DATA BELOW
========================================
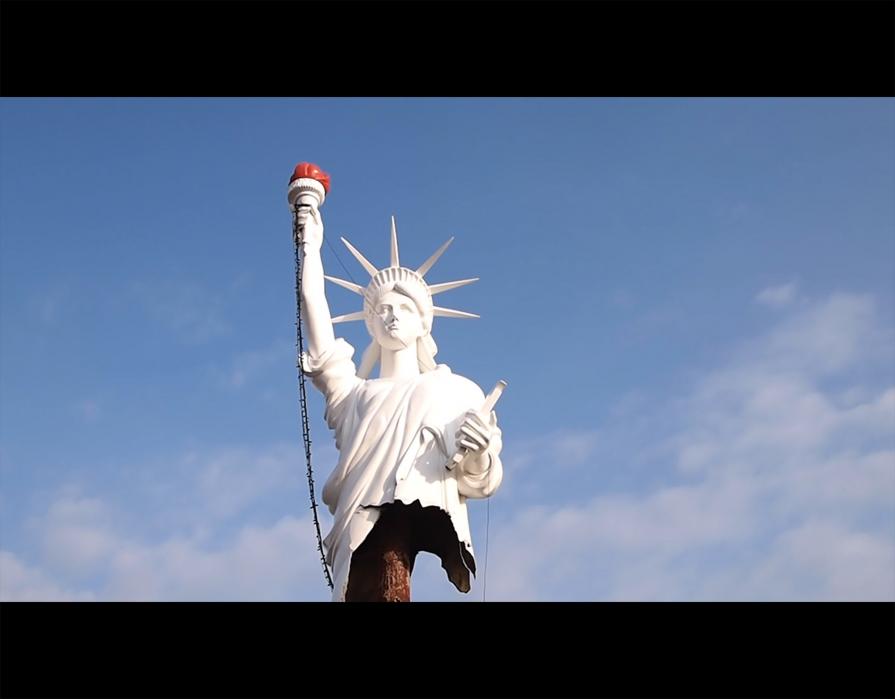 The Magic Piper Found in Ishinomaki The Magic Piper Found in Ishinomaki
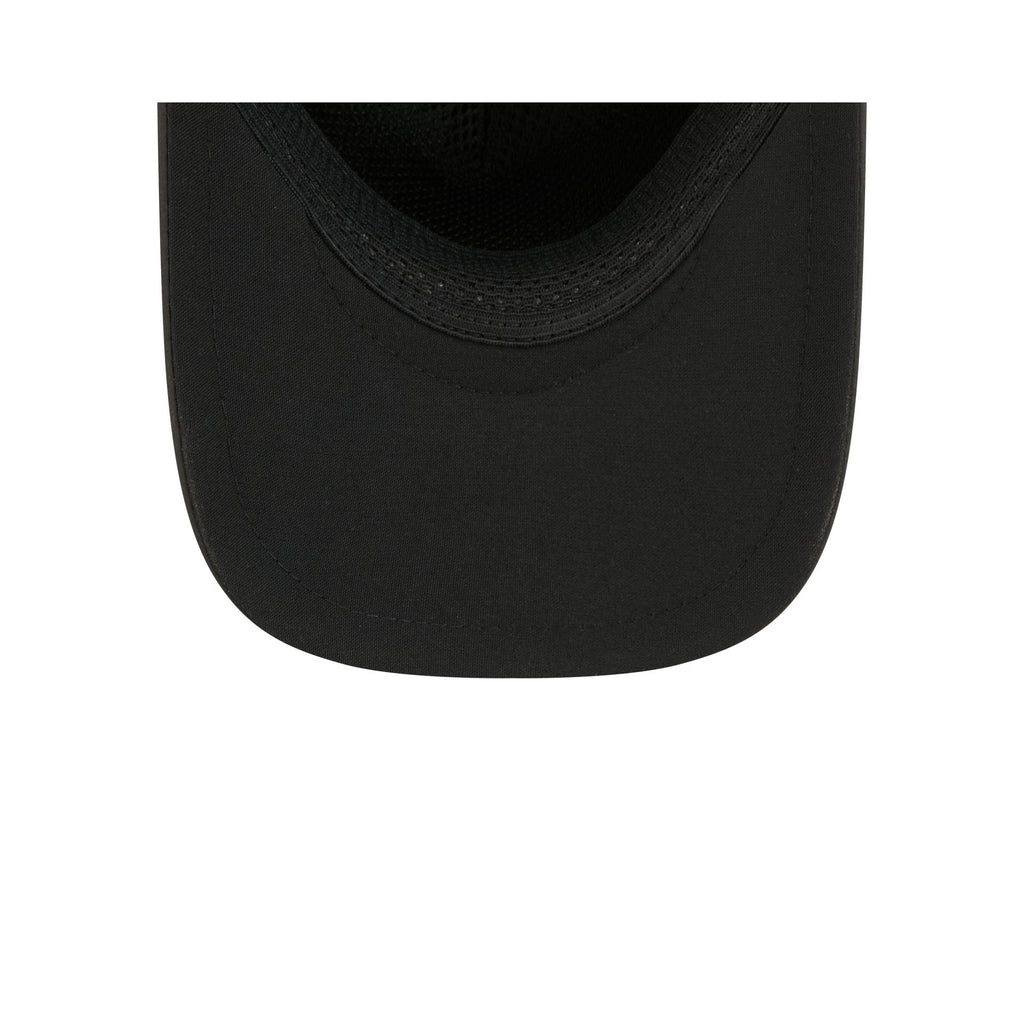 Las Vegas Raiders Performance 9FORTY APEX Snapback Hat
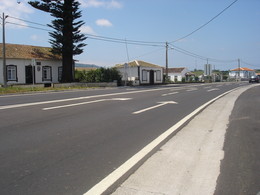 estrada_tronqueiras.JPG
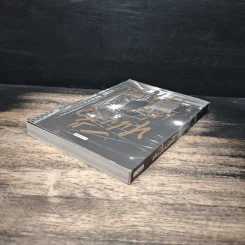 หนังสือเล่มที่ก้าว - สลิลา มหันต์เชิดชูวงศ์ รูปที่ 5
========================================
GOAL OF THE EXERCISE
From the first line to the last, repeat the data above exactly and leave the pictures out.

RESPONSE TO THIS TASK
 The Magic Piper Found in Ishinomaki The Magic Piper Found in Ishinomaki
 Las Vegas Raiders Performance 9FORTY APEX Snapback Hat
 estrada_tronqueiras.JPG
 หนังสือเล่มที่ก้าว - สลิลา มหันต์เชิดชูวงศ์ รูปที่ 5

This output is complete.